Verklaring van de Raad van Bestuur van de Vereniging voor de toekenning van de Internationale Karelsprijs van Aken aan de Voorzitter van het Europees Parlement
Het in 2014 genomen besluit over de nieuwe Commissie en de rol van het Europees Parlement was een historische mijlpaal voor de democratisering van de EU. Voor veel meer dan alleen de persoon van de voorzitter van de Commissie of andere leden, stond de vraag centraal of en in welke mate de stem van de kiezers invloed zou hebben op de besluitvorming over het personeelsbeleid van de EU - en daarmee op de fundamentele vraag welke vorm van democratie we willen in en voor de Europese Unie. En terwijl juristen en commentatoren nog steeds debatteren over hoe het Verdrag van Lissabon moet worden geïnterpreteerd, volgens welke de Raad “rekening houdt” met de uitslag van de Europese verkiezingen in zijn voorstel voor de verkiezing van de voorzitter van de Commissie, heeft het Europees Parlement allang over deze vraag beslist met de beslissende en luide inzet van zijn Voorzitter. Het heeft alleen een kandidaat aanvaard wiens mandaat ook door het volk is gelegitimeerd.

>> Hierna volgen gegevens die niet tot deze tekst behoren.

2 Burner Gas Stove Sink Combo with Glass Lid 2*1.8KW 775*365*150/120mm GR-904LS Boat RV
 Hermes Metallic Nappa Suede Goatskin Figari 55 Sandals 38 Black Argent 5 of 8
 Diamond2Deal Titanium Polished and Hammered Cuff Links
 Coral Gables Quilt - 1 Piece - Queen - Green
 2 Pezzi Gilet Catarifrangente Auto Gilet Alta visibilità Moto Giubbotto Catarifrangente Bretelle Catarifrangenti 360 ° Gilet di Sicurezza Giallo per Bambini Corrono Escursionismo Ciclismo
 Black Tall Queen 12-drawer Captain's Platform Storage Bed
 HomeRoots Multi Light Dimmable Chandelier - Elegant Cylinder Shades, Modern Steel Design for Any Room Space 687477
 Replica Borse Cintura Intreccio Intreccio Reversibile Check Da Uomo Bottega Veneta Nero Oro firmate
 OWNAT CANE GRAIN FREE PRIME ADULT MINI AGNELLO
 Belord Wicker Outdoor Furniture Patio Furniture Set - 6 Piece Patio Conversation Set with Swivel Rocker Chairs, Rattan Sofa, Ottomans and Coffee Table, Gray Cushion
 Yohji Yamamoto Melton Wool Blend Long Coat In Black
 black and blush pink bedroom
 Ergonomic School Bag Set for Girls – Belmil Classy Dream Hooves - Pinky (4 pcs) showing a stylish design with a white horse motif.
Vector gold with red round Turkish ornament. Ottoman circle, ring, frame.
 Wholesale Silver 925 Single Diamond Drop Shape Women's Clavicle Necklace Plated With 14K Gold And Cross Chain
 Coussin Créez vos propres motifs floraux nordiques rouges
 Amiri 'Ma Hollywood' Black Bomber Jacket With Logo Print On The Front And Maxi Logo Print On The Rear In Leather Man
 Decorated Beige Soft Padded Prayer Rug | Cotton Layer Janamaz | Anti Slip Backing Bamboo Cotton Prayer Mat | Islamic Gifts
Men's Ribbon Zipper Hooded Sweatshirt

ls erkenning voor zijn belangrijke verdiensten voor de versterking van de parlementarisering en de democratische legitimiteit in de Europese Unie en als erkenning voor zijn rol als belangrijke thought leader van de EU eert de Raad van Bestuur van de Vereniging voor de toekenning van de Internationale Karelsprijs van Aken de Voorzitter van het Europees Parlement, Dr. h.c. Martin Schulz.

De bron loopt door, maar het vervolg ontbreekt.